Isaiah 65:17-25
For I am about to create new heavens
and a new earth;
the former things shall not be remembered
or come to mind.
But be glad and rejoice forever
in what I am creating;
for I am about to create Jerusalem as a joy,
and its people as a delight.
I will rejoice in Jerusalem,
and delight in my people;
no more shall the sound of weeping be heard in it,
or the cry of distress.
No more shall there be in it
an infant that lives but a few days,
or an old person who does not live out a lifetime;
for one who dies at a hundred years will be considered a youth,
and one who falls short of a hundred will be considered accursed.
They shall build houses and inhabit them;
they shall plant vineyards and eat their fruit.
They shall not build and another inhabit;
they shall not plant and another eat;
for like the days of a tree shall the days of my people be,
and my chosen shall long enjoy the work of their hands.
They shall not labor in vain,
or bear children for calamity;
for they shall be offspring blessed by the LORD—
and their descendants as well.
Before they call I will answer,
while they are yet speaking I will hear.
The wolf and the lamb shall feed together,
the lion shall eat straw like the ox;
but the serpent—its food shall be dust!
They shall not hurt or destroy
on all my holy mountain, says the LORD.
John 20:1-18
Early on the first day of the week, while it was still dark, Mary Magdalene came to the tomb and saw that the stone had been removed from the tomb.
So she ran and went to Simon Peter and the other disciple, the one whom Jesus loved, and said to them, “They have taken the Lord out of the tomb, and we do not know where they have laid him.”
Then Peter and the other disciple set out and went toward the tomb.
The two were running together, but the other disciple outran Peter and reached the tomb first.
He bent down to look in and saw the linen wrappings lying there, but he did not go in.
Then Simon Peter came, following him, and went into the tomb. He saw the linen wrappings lying there, and the cloth that had been on Jesus’ head, not lying with the linen wrappings but rolled up in a place by itself.
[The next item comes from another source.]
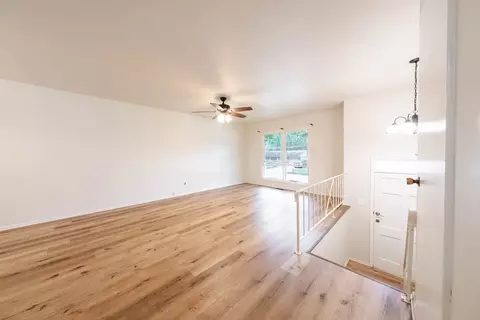 2410 W William St, Champaign, IL 61821 photo 3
Then the other disciple, who reached the tomb first, also went in, and he saw and believed; for as yet they did not understand the scripture, that he must rise from the dead. Then the disciples returned to their homes.
But Mary stood weeping outside the tomb. As she wept, she bent over to look into the tomb; and she saw two angels in white, sitting where the body of Jesus had been lying, one at the head and the other at the feet.
They said to her, “Woman, why are you weeping?” She said to them, “They have taken away my Lord, and I do not know where they have laid him.”
When she had said this, she turned around and saw Jesus standing there, but she did not know that it was Jesus.
Jesus said to her, “Woman, why are you weeping? Whom are you looking for?” Supposing him to be the gardener, she said to him, “Sir, if you have carried him away, tell me where you have laid him, and I will take him away.”
Jesus said to her, “Mary!” She turned and said to him in Hebrew, “Rabbouni!” (which means Teacher).
Jesus said to her, “Do not hold on to me, because I have not yet ascended to the Father. But go to my brothers and say to them, ‘I am ascending to my Father and your Father, to my God and your God.’”
Mary Magdalene went and announced to the disciples, “I have seen the Lord”; and she told them that he had said these things to her.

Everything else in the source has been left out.